Honda Harus Segera Menunjukkan Peta Jalan
Super-ONE tetap layak diapresiasi sebagai mobil listrik Honda yang unik dan berkarakter. Namun, produk yang menarik belum otomatis menghasilkan strategi pasar yang kuat.
Setidaknya ada beberapa pertanyaan yang perlu dijawab Honda:
• Apakah alokasi Super-ONE akan ditambah apabila permintaan melampaui 100 unit?
• Kapan Honda mulai menawarkan BEV dengan volume lebih besar?
• Apakah ada rencana produksi lokal mobil listrik Honda?
• Bagaimana strategi harga agar produk Honda mampu bersaing dengan EV buatan lokal?
• Apakah Super-ONE hanya menjadi produk pembuka atau benar-benar awal dari ekspansi besar?

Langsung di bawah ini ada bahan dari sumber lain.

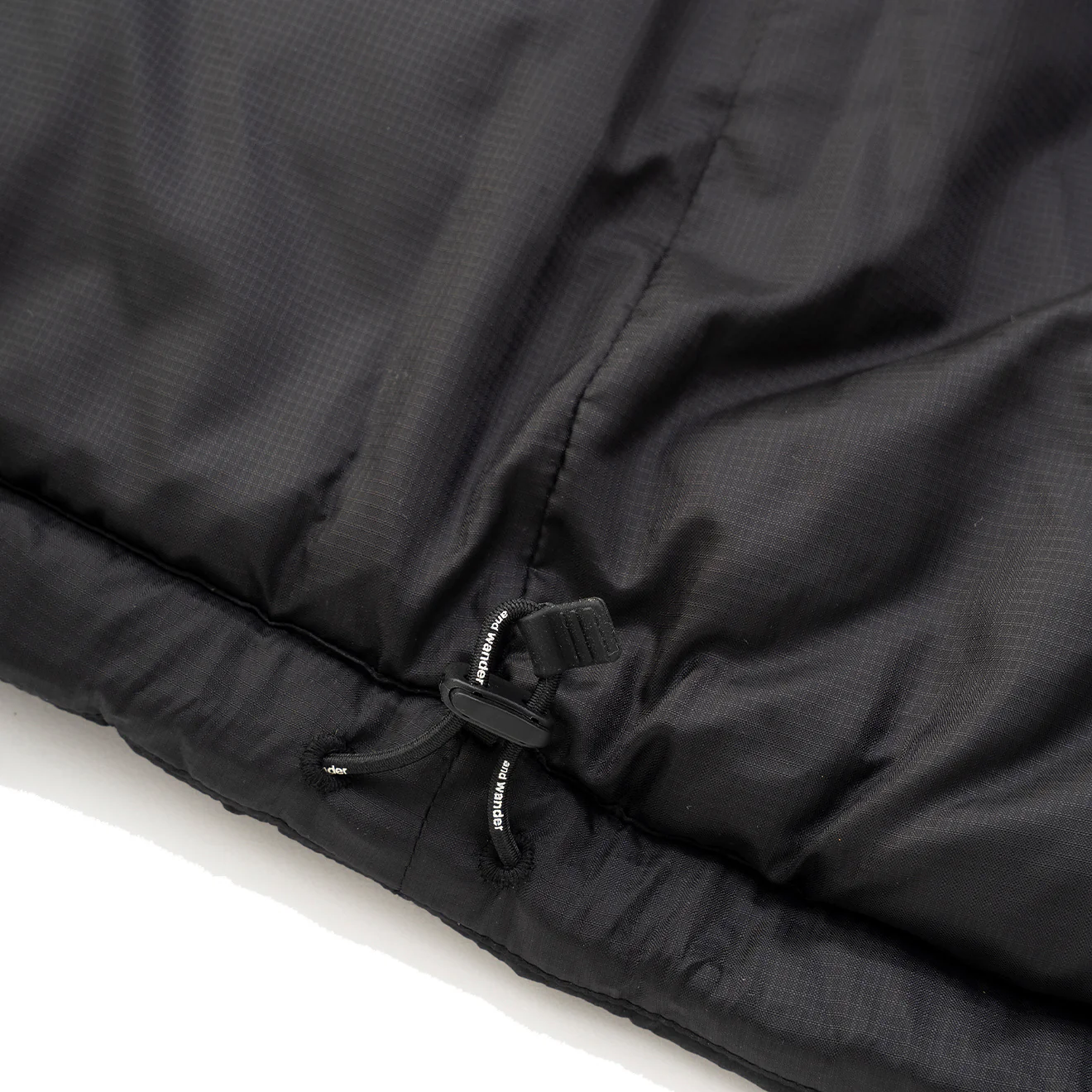And Wander x Maison Kitsune Insulation Jacket Black - Image 6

Honda pernah menjadi salah satu merek yang paling berpengaruh di Indonesia. Namun, dalam era elektrifikasi, keunggulan masa lalu tidak menjamin posisi pada masa depan.
Super-ONE mungkin menjadi langkah pertama yang menarik.
Tetapi saat kompetitor telah menjual puluhan ribu mobil listrik dan menanamkan investasi produksi lokal, alokasi hanya 100 unit belum terlihat sebagai sebuah serangan.
Untuk sementara, ini masih lebih menyerupai tes pasar bahkan bisa disebut sekadar mencelupkan ujung kaki ketika para pesaing sudah berenang jauh di tengah persaingan kendaraan listrik Indonesia.